§ PROBLEM
Below are some records. Return exactly the lines from the one with "Pont-Saint-Pierre House |" to the one with "Un hombre camina", and nothing else.

§ INFORMATION GIVEN
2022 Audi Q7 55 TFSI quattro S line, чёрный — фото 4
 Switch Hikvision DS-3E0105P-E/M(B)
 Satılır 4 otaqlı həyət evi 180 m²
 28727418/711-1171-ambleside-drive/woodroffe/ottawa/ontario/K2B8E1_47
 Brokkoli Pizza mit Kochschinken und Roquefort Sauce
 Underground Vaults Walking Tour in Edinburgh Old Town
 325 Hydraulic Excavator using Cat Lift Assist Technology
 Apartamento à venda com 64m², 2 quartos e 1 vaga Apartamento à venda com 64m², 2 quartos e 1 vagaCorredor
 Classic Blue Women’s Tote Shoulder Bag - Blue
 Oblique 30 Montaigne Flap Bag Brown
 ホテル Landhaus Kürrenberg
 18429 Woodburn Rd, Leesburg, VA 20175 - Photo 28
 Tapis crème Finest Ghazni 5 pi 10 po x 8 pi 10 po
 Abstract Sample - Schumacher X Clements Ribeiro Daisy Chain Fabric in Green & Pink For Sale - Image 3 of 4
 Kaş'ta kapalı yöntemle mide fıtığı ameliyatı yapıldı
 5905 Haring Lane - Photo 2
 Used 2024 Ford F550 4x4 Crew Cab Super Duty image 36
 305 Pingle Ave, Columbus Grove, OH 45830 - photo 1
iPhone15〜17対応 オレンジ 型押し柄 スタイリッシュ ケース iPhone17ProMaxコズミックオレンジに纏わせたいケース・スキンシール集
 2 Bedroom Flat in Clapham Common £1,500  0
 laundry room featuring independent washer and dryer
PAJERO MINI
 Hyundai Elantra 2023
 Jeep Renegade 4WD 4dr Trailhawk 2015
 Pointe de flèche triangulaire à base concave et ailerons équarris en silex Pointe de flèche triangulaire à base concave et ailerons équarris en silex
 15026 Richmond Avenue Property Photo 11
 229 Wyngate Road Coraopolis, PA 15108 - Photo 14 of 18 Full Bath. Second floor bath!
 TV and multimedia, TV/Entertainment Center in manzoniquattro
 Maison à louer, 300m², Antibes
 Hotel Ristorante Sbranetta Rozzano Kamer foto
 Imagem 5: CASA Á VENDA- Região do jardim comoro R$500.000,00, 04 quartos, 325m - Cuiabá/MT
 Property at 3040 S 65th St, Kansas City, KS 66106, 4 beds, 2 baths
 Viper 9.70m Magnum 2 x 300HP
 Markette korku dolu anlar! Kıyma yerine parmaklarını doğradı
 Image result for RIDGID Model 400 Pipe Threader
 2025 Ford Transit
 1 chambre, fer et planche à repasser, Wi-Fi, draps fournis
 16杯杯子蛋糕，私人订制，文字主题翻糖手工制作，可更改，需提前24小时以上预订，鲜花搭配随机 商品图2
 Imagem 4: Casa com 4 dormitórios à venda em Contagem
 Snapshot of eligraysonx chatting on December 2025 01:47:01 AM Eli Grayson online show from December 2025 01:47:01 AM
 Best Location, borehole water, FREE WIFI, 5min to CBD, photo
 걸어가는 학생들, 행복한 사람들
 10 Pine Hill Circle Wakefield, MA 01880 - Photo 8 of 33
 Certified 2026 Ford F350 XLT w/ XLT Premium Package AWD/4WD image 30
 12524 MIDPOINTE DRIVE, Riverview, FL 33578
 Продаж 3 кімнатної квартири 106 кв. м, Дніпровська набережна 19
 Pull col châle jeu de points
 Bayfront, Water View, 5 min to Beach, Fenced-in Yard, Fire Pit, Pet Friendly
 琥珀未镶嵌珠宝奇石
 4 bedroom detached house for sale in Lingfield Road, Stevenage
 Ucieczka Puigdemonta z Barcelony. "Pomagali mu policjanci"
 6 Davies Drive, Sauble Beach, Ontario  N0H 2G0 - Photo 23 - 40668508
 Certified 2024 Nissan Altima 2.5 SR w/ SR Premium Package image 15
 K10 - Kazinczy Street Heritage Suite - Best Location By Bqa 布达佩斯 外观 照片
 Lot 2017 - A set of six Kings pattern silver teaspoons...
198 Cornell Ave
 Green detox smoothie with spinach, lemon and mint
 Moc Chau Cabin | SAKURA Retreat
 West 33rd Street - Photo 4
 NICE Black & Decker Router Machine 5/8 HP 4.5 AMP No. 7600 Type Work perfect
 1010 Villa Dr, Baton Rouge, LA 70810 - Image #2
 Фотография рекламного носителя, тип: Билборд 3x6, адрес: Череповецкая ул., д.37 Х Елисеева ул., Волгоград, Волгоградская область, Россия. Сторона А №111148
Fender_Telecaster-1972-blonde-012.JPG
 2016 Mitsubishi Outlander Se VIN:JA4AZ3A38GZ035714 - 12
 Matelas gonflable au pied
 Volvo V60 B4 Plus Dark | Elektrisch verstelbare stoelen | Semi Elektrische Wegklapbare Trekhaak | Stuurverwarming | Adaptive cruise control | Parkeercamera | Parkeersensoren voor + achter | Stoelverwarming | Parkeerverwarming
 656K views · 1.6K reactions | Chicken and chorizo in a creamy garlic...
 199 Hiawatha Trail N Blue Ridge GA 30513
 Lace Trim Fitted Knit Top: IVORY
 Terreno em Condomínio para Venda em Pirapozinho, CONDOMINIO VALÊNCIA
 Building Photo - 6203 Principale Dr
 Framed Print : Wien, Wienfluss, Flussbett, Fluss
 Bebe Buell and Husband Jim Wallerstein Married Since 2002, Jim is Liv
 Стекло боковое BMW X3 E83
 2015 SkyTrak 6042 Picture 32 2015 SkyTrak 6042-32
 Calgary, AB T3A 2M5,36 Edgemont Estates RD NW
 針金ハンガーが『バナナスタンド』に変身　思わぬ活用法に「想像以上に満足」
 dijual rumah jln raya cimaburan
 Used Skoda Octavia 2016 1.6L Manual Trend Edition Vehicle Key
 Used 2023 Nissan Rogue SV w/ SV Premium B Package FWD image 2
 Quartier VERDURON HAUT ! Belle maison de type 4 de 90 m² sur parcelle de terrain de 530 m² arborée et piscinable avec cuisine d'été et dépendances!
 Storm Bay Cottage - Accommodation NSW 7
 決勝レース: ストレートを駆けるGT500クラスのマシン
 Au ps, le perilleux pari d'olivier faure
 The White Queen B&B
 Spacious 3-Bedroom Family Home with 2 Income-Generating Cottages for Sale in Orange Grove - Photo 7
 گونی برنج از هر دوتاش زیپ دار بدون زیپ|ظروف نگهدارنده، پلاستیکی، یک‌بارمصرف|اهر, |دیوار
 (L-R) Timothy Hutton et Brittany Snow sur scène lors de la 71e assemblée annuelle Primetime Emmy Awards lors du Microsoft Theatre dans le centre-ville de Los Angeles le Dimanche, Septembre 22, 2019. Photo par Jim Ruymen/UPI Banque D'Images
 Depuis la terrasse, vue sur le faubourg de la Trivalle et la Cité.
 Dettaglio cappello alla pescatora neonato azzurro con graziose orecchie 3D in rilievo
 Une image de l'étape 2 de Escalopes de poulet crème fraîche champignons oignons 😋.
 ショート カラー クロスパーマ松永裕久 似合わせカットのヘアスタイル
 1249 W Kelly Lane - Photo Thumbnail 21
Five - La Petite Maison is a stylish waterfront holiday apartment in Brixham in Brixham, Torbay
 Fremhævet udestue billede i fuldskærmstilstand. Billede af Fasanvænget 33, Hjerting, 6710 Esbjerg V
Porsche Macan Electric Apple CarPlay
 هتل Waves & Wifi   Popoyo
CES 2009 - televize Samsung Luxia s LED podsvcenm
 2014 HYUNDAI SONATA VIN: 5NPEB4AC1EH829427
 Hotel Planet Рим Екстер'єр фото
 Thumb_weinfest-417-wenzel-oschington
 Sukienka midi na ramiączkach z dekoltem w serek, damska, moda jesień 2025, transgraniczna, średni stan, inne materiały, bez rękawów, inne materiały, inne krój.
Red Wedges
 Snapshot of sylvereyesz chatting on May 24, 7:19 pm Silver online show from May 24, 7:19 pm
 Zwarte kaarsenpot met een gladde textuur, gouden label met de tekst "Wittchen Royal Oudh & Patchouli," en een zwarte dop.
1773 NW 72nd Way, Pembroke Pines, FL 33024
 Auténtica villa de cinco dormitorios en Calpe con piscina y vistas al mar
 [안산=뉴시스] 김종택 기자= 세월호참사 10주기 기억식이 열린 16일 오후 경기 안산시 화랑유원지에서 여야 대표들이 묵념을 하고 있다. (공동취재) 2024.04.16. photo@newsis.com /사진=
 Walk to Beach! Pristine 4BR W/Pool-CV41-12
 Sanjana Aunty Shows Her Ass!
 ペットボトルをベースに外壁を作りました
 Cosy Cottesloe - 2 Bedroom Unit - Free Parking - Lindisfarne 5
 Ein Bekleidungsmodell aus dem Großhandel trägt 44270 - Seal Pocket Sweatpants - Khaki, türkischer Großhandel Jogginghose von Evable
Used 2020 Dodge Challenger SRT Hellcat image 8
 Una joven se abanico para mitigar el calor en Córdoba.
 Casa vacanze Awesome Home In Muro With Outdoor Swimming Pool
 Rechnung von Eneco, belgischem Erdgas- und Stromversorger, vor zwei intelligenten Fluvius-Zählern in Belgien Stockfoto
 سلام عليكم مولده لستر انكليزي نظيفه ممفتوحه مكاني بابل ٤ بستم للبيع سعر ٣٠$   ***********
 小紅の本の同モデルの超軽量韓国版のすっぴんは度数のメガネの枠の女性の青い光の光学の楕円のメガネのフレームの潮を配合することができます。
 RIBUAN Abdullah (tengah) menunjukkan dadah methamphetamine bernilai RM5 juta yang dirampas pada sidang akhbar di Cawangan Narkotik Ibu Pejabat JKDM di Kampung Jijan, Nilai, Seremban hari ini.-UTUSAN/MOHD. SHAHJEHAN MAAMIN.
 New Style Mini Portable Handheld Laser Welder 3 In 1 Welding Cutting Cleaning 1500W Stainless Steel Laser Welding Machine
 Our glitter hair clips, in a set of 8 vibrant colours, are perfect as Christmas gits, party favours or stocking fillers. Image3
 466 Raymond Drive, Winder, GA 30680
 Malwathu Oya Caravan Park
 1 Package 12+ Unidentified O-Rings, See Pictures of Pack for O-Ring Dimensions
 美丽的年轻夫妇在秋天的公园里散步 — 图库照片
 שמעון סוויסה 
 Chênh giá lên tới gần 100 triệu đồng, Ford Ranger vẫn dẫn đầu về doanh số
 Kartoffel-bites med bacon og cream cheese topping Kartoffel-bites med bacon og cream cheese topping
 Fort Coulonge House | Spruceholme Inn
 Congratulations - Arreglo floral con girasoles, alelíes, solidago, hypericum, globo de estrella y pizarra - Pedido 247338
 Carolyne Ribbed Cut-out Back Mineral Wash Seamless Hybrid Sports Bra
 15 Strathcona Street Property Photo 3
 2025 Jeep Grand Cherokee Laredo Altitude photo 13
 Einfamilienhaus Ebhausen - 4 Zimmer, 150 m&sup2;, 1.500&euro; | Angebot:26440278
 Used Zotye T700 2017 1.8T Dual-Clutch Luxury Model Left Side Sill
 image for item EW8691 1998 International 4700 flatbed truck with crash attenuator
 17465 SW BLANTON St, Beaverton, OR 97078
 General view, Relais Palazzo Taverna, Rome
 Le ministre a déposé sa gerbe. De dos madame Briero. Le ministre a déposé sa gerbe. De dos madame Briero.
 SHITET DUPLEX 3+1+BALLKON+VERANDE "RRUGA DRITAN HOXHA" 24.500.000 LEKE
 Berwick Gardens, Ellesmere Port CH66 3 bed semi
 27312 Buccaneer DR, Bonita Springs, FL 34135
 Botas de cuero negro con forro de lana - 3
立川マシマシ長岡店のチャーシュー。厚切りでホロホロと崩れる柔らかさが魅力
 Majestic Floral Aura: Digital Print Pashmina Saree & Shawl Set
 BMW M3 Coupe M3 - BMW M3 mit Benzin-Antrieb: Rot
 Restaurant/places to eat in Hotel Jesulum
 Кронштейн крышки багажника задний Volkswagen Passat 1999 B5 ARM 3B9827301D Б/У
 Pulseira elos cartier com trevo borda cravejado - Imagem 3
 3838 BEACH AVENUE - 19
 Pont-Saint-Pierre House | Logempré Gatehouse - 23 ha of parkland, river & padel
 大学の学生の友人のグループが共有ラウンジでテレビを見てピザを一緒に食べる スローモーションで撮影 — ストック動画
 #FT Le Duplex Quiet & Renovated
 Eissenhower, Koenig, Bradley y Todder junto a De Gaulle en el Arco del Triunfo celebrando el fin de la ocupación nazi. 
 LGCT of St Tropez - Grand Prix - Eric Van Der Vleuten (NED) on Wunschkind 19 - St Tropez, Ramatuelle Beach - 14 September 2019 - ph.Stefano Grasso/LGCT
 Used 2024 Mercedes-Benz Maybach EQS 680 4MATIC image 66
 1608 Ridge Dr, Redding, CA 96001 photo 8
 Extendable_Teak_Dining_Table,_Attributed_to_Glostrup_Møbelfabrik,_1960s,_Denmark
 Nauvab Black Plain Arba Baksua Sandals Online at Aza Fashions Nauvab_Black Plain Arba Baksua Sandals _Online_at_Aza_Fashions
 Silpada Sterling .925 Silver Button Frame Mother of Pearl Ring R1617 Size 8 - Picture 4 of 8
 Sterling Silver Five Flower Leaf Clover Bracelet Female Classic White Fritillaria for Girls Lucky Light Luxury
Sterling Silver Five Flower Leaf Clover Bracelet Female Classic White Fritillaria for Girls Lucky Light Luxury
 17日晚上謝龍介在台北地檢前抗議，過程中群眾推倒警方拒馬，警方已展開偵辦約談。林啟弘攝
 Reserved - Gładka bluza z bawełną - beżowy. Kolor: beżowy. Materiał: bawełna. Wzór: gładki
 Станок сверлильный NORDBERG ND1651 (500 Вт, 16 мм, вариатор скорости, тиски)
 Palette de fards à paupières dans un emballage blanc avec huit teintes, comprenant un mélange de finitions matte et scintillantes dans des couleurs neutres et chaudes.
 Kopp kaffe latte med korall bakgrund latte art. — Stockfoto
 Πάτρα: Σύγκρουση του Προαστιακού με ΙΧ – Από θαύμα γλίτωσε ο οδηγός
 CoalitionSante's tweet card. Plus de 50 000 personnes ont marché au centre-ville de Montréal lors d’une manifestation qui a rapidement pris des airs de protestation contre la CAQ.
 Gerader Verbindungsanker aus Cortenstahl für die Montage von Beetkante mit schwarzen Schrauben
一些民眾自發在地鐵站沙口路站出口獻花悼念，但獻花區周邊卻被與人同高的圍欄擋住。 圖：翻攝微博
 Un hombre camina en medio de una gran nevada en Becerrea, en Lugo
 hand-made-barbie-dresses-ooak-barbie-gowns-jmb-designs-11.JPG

§ RESULT OF THIS TASK
 Pont-Saint-Pierre House | Logempré Gatehouse - 23 ha of parkland, river & padel
 大学の学生の友人のグループが共有ラウンジでテレビを見てピザを一緒に食べる スローモーションで撮影 — ストック動画
 #FT Le Duplex Quiet & Renovated
 Eissenhower, Koenig, Bradley y Todder junto a De Gaulle en el Arco del Triunfo celebrando el fin de la ocupación nazi. 
 LGCT of St Tropez - Grand Prix - Eric Van Der Vleuten (NED) on Wunschkind 19 - St Tropez, Ramatuelle Beach - 14 September 2019 - ph.Stefano Grasso/LGCT
 Used 2024 Mercedes-Benz Maybach EQS 680 4MATIC image 66
 1608 Ridge Dr, Redding, CA 96001 photo 8
 Extendable_Teak_Dining_Table,_Attributed_to_Glostrup_Møbelfabrik,_1960s,_Denmark
 Nauvab Black Plain Arba Baksua Sandals Online at Aza Fashions Nauvab_Black Plain Arba Baksua Sandals _Online_at_Aza_Fashions
 Silpada Sterling .925 Silver Button Frame Mother of Pearl Ring R1617 Size 8 - Picture 4 of 8
 Sterling Silver Five Flower Leaf Clover Bracelet Female Classic White Fritillaria for Girls Lucky Light Luxury
Sterling Silver Five Flower Leaf Clover Bracelet Female Classic White Fritillaria for Girls Lucky Light Luxury
 17日晚上謝龍介在台北地檢前抗議，過程中群眾推倒警方拒馬，警方已展開偵辦約談。林啟弘攝
 Reserved - Gładka bluza z bawełną - beżowy. Kolor: beżowy. Materiał: bawełna. Wzór: gładki
 Станок сверлильный NORDBERG ND1651 (500 Вт, 16 мм, вариатор скорости, тиски)
 Palette de fards à paupières dans un emballage blanc avec huit teintes, comprenant un mélange de finitions matte et scintillantes dans des couleurs neutres et chaudes.
 Kopp kaffe latte med korall bakgrund latte art. — Stockfoto
 Πάτρα: Σύγκρουση του Προαστιακού με ΙΧ – Από θαύμα γλίτωσε ο οδηγός
 CoalitionSante's tweet card. Plus de 50 000 personnes ont marché au centre-ville de Montréal lors d’une manifestation qui a rapidement pris des airs de protestation contre la CAQ.
 Gerader Verbindungsanker aus Cortenstahl für die Montage von Beetkante mit schwarzen Schrauben
一些民眾自發在地鐵站沙口路站出口獻花悼念，但獻花區周邊卻被與人同高的圍欄擋住。 圖：翻攝微博
 Un hombre camina en medio de una gran nevada en Becerrea, en Lugo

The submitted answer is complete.